2. Experimental Section

2.1. Study Design

A systematic review with meta-analysis was performed following the recommendations of PRISMA (preferred reporting items for systematic review and meta-analysis) [30]. All the analyses were performed in duplicate (J.A.R.A. and L.A.), all disagreements on inclusion/exclusion were discussed and resolved by consensus. The extrinsic characteristics of the publications and the substantive characteristics—population, sex, associated pathology, habits of alcohol, tobacco, physical activity, age, and BMI—were extracted from the studies that were finally included in the quantitative analysis. Finally, the methodological characteristics—duration of sleep, quality of sleep, muscular mass and presence or not of sarcopenia—were also considered. All subjects included in the analysis were classified as cases or control differentiating sleep and sex.

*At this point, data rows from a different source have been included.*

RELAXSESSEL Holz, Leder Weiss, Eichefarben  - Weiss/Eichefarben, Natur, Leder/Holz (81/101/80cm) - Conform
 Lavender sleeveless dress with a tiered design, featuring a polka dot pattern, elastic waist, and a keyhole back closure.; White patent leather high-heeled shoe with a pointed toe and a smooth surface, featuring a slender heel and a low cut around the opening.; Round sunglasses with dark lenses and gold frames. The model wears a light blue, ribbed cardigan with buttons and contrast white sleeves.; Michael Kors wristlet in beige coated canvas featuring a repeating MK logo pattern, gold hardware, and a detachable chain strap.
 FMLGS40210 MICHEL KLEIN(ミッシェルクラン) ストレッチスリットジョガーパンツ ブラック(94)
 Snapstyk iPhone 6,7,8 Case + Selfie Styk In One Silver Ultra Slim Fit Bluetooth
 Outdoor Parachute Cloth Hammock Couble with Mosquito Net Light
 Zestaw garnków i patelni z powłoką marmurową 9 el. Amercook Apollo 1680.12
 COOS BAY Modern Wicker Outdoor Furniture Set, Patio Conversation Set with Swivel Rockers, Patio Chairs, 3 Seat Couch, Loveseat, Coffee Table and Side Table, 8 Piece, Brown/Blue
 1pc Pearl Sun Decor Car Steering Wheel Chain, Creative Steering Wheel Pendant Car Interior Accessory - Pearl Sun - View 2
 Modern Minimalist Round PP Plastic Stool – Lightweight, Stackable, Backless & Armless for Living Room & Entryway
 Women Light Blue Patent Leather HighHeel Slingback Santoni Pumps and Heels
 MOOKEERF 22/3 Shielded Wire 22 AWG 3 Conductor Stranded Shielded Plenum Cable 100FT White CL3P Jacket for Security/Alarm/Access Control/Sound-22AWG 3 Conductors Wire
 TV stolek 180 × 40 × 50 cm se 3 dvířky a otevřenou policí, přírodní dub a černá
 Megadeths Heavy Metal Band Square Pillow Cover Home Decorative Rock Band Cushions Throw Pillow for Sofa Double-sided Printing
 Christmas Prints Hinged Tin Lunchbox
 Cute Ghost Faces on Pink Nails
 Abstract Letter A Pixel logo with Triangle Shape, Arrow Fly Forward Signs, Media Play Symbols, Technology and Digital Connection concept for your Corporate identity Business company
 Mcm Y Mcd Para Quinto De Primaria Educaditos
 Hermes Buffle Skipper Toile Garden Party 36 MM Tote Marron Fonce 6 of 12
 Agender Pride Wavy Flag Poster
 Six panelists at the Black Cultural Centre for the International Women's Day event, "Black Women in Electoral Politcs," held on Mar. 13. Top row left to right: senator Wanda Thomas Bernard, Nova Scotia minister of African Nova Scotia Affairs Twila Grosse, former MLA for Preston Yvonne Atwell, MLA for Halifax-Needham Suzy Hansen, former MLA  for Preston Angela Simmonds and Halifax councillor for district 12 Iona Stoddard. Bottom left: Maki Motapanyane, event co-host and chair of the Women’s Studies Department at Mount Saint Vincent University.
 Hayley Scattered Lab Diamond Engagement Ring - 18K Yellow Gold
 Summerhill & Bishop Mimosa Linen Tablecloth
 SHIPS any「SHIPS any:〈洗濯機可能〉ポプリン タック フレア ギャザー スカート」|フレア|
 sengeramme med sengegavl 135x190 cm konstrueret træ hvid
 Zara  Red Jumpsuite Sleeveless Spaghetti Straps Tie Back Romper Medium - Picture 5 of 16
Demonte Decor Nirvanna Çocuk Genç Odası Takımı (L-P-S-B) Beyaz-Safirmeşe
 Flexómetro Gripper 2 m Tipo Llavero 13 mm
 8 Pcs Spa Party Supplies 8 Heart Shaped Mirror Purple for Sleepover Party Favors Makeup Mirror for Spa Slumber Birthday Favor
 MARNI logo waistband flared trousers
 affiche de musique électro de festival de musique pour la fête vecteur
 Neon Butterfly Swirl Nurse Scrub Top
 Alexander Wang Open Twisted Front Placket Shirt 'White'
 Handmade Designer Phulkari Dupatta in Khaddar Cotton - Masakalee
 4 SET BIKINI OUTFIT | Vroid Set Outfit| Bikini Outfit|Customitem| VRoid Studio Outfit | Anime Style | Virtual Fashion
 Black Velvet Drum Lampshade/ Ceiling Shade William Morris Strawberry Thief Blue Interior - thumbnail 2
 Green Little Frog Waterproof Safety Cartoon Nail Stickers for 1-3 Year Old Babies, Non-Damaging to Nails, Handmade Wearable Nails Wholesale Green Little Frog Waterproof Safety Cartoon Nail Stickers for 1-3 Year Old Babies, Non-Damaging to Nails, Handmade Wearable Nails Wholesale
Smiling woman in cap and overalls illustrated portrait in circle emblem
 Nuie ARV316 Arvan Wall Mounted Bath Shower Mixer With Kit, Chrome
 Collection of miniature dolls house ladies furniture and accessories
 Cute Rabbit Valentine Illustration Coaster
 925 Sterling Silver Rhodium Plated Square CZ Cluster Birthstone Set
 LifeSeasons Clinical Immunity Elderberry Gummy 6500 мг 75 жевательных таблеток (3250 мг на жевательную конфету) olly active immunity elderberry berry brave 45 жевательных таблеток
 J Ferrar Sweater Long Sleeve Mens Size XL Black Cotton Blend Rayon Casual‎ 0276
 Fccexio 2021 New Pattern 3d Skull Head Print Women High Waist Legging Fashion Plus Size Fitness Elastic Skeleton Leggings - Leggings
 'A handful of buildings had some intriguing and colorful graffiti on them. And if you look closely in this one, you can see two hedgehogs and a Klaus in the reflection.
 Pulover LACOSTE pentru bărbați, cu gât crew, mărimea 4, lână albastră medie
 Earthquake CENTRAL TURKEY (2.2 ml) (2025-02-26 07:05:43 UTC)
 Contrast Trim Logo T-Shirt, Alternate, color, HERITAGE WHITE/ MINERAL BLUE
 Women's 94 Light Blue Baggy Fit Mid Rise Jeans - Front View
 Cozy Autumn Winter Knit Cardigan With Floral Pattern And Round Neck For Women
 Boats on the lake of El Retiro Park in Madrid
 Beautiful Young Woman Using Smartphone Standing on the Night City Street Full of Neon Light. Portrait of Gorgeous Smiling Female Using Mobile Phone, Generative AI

2.2. Search and Data Sources

Three electronic databases were used: PubMed-Medline, Web of Science, and Cochrane Library. The search was conducted without search date restriction and ended on 28 July 2019. The key search words and strategy were “Sleep Disorders” OR “Sleep Deprivation” OR “Sleep Hygiene” OR “Sleep duration” OR insomnia OR sleep* and “muscle mass” OR “muscular atrophy” OR sarcopenia.

2.3. Data extraction and Inclusion/Exclusion Criteria

The following inclusion criteria were considered: prevalence studies analyzing the effect of sleep on sarcopenia and conducted in adults (>40). Studies were excluded if they included (a) populations with neuromuscular pathologies, (b) studies that did not show prevalence values (cases/control) on sarcopenia, and (c) studies that did not include classificatory models that allowed sleep quality to be determined.

2.4. Outcomes

The variables to determine the prevalence of sarcopenia as a function of sleep were (1) the presence or absence of sarcopenia, and (2) sleep quality. Sleep can be assessed to estimate adequate or inadequate sleep in terms of quality or duration in different ways. For the questionnaires, adequate-sleep (sleep well) for those who obtained between very good or quite good in the percentage of quality and not-adequate-sleep (sleep bad), rather bad or very bad were considered [19]. Regarding the hours of sleep, they were considered inadequate (<6–8) and adequate (≥8), following the recommendations of the National Sleep Foundation [21].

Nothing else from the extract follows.